Among the biggest challenges facing the glazing industry as a whole, Heinaman says, is “right-sizing your business to the volume you have and making the tough decisions. You have to make enough money to pay the overhead and hopefully you will break even.”

Clearly Heinaman has met that mark, as he says that in 2010 the company did half volume from 2009 and still will be profitable for 2010; in addition, the company’s backlog is double what it was a year ago.

“We have recognized that today business is primarily public works and we have switched our focus to contractors that focus on this rather than private construction. We have also changed our bonding capacity, which is necessary for public works. We also established a relationship with a minority company so we have an additional qualification that is favorable for public works,” Heinaman says.

In some areas, Heinaman says, there have been instances of projects on hold due to funding. “Looking at the anticipated near term increase in need of additional facilities, such as casinos, hotels, etc., does not support investment at this time,” he adds.

Heinaman says that it’s up to each company to pinpoint its strengths and focus on enhancing those areas, especially business practices. “The best thing small glazing contactors can do … is to look internally as to how they evaluate themselves professionally, where there are areas of weakness, etc. They need to look at how they can improve, etc., so they can take advantage of opportunities when the market improves,” Heinaman says.

He adds, “Something I would recommend is that they invest in themselves by creating a relationship with a business coach. This is not someone who teaches them to install glass, but who helps them become a better business person.”


Construction Employment Declines by 16,000 in December
According to an analysis of federal employment figures released by the Associated General Contractors of America (AGC), employment in construction declined by 16,000 in December 2010 as the industry’s unemployment rate hit 20.7 percent. AGC notes that even as the industry continues to suffer from weak private sector demand the benefits of the temporary stimulus program appear to be winding down.

“At this point, it doesn’t look like there’s anything to replace the temporary help that the stimulus has been providing for the construction industry,” says Ken Simonson, the association’s chief economist. “[These] figures offer yet another reminder that the construction industry remains, and is likely to remain, the hardest-hit industry in the economy.”

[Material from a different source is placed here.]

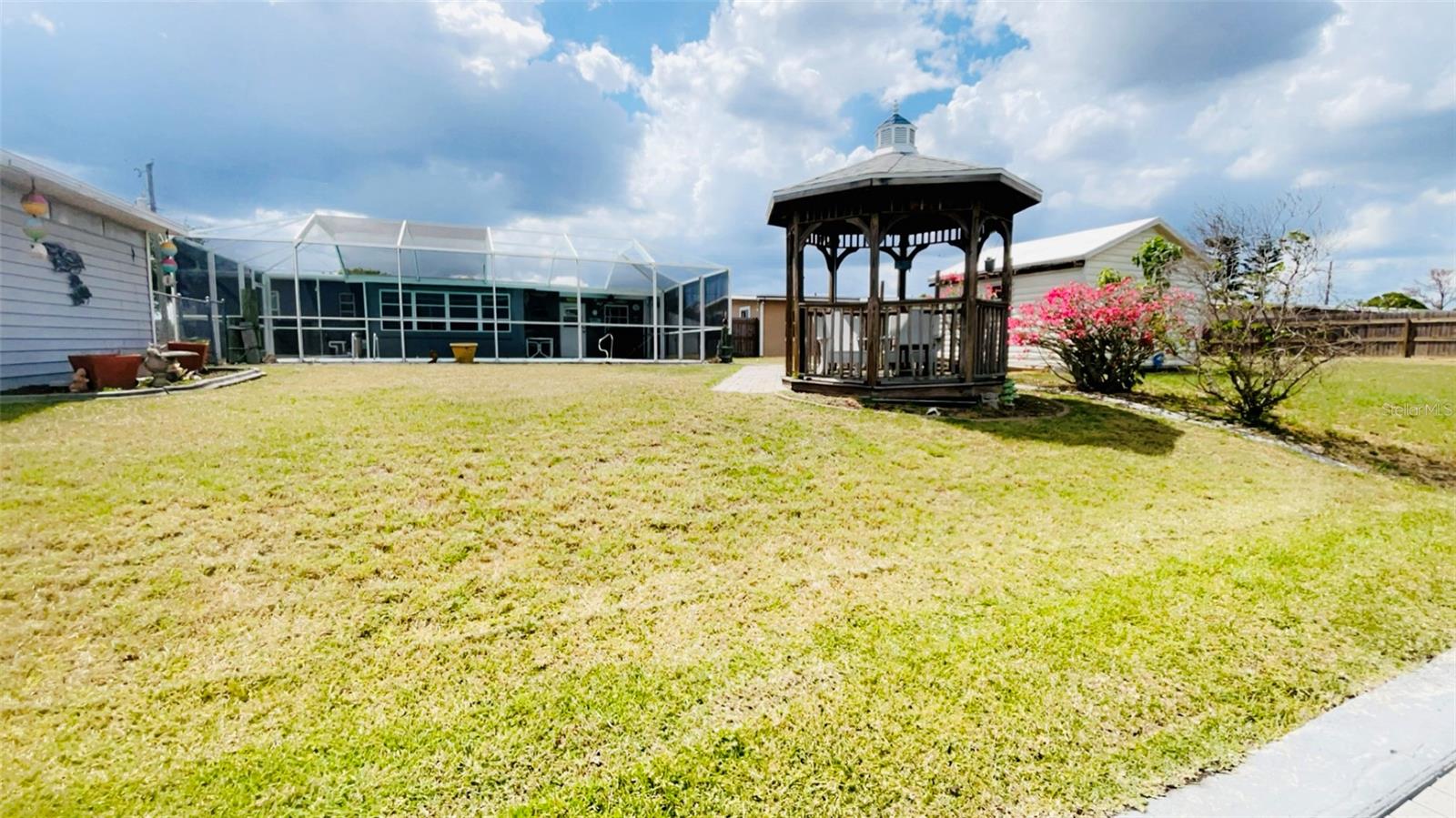631 PALMETTO DR NE, PORT CHARLOTTE, FL, 33952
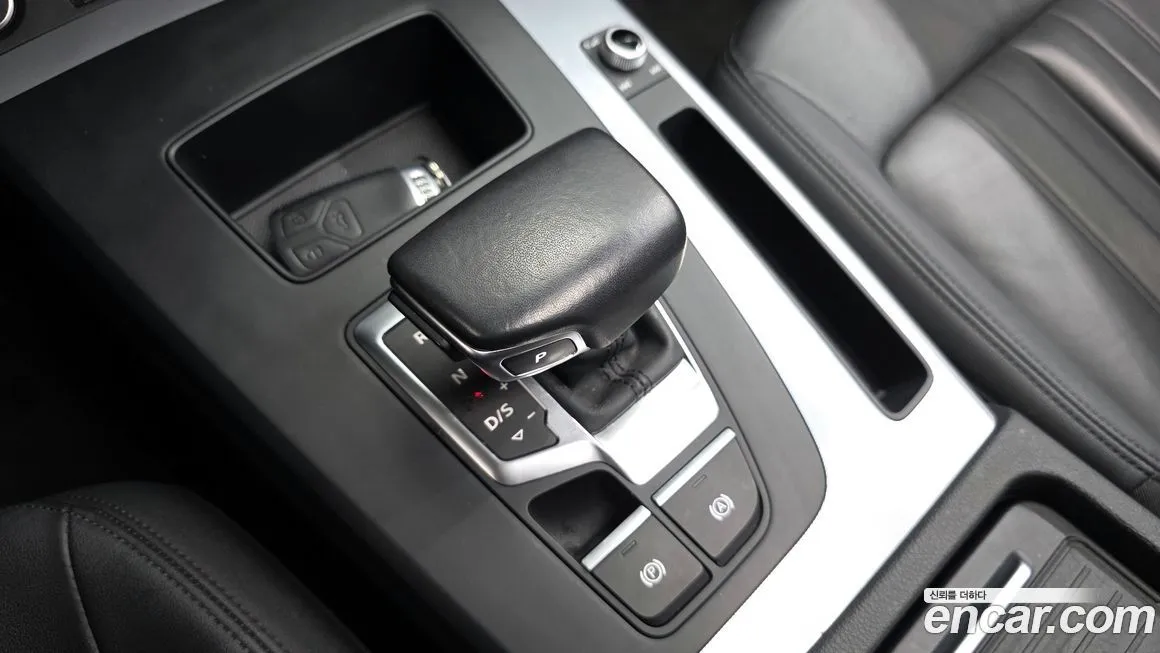 Audi Q5 2021 из KR, фото 9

Construction employment declined by 0.3 percent during the month, leaving only 5.6 million people employed in the industry, a 27-percent decline since employment in the industry peaked in August 2006 at 7.7 million, Simonson noted. He added that during the past 12 months the construction industry has lost 93,000 jobs. Meanwhile, the industry’s unemployment rate is more than double the overall, not seasonally adjusted, national unemployment rate of 9.1 percent.